• **Brief**: Each record has to be repeated exactly as given.
(Beginning of Working data)
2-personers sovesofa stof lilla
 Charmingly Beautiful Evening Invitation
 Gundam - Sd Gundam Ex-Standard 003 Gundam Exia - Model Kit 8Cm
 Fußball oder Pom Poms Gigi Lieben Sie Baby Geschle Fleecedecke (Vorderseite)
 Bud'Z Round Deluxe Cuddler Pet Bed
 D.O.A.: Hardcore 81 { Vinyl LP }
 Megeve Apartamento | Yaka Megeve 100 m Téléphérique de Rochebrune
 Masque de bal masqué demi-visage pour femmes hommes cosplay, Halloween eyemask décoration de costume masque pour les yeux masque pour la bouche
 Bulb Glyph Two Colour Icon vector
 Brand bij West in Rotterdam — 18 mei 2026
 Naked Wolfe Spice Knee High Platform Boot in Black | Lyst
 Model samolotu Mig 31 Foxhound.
(End of Working data)
• **Result**:
2-personers sovesofa stof lilla
 Charmingly Beautiful Evening Invitation
 Gundam - Sd Gundam Ex-Standard 003 Gundam Exia - Model Kit 8Cm
 Fußball oder Pom Poms Gigi Lieben Sie Baby Geschle Fleecedecke (Vorderseite)
 Bud'Z Round Deluxe Cuddler Pet Bed
 D.O.A.: Hardcore 81 { Vinyl LP }
 Megeve Apartamento | Yaka Megeve 100 m Téléphérique de Rochebrune
 Masque de bal masqué demi-visage pour femmes hommes cosplay, Halloween eyemask décoration de costume masque pour les yeux masque pour la bouche
 Bulb Glyph Two Colour Icon vector
 Brand bij West in Rotterdam — 18 mei 2026
 Naked Wolfe Spice Knee High Platform Boot in Black | Lyst
 Model samolotu Mig 31 Foxhound.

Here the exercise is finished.